═════ Data provided

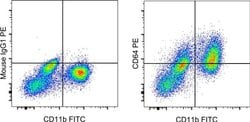 Invitrogen Mouse IgG1 kappa Isotype Control (P3.6.2.8.1), PE, eBioscience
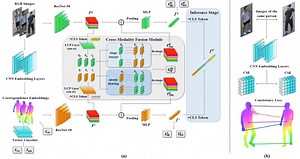 Exploring Shape Embedding for Cloth-Changing Person Re-Identification via 2D-3D Correspondences | Proceedings of the 31st ACM International Conference on Multimedia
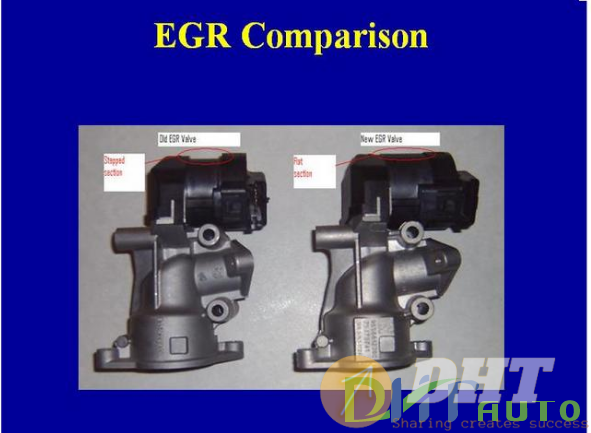 Ford_focus_dw10_service_training_systems-3.png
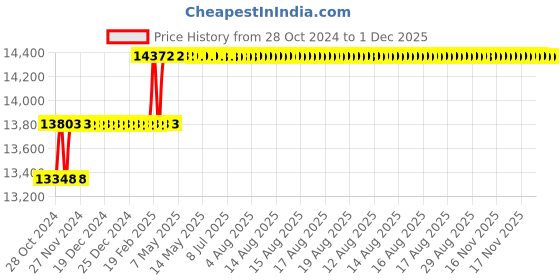 moglix.com Addison 26mm M2 Extra Long HSS Taper Shank Twist Drill, Overall Length: 350 mm addison Price History Graph from 28 Oct 2024 to 1 Dec 2025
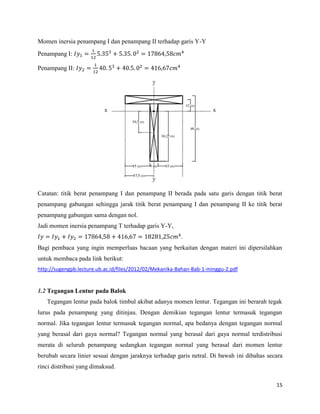 15
Momen inersia penampang I dan penampang II terhadap garis Y-Y
Penampang I:
Penampang II:
Catatan: titik berat penampang I dan penampang II berada pada satu garis dengan titik berat
penampang gabungan sehingga jarak titik berat penampang I dan penampang II ke titik berat
penampang gabungan sama dengan nol.
Jadi momen inersia penampang T terhadap garis Y-Y,
.
Bagi pembaca yang ingin memperluas bacaan yang berkaitan dengan materi ini dipersilahkan
untuk membaca pada link berikut:
http://sugengpb.lecture.ub.ac.id/files/2012/02/Mekanika-Bahan-Bab-1-minggu-2.pdf
1.2 Tegangan Lentur pada Balok
Tegangan lentur pada balok timbul akibat adanya momen lentur. Tegangan ini berarah tegak
lurus pada penampang yang ditinjau. Dengan demikian tegangan lentur termasuk tegangan
normal. Jika tegangan lentur termasuk tegangan normal, apa bedanya dengan tegangan normal
yang berasal dari gaya normal? Tegangan normal yang berasal dari gaya normal terdistribusi
merata di seluruh penampang sedangkan tegangan normal yang berasal dari momen lentur
berubah secara linier sesuai dengan jaraknya terhadap garis netral. Di bawah ini dibahas secara
rinci distribusi yang dimaksud.
 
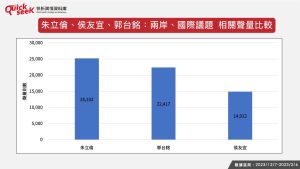 ▲朱立倫、侯友宜、郭台銘：兩岸、國際議題 相關聲量比較（圖／QuickseeK提供）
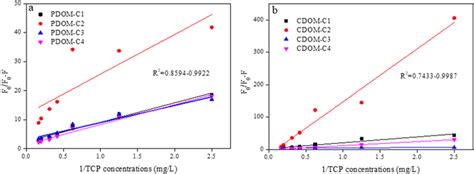 The Modified Sternvolmer Plots Of F F F Versus Ctcp Of Pdom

══════════

Restate word for word only the lines above from the line containing "untuk membaca pada" to the line containing "yang berasal dari gaya normal?", both of them included.

◆ **Reply to the exercise**:
untuk membaca pada link berikut:
http://sugengpb.lecture.ub.ac.id/files/2012/02/Mekanika-Bahan-Bab-1-minggu-2.pdf
1.2 Tegangan Lentur pada Balok
Tegangan lentur pada balok timbul akibat adanya momen lentur. Tegangan ini berarah tegak
lurus pada penampang yang ditinjau. Dengan demikian tegangan lentur termasuk tegangan
normal. Jika tegangan lentur termasuk tegangan normal, apa bedanya dengan tegangan normal
yang berasal dari gaya normal? Tegangan normal yang berasal dari gaya normal terdistribusi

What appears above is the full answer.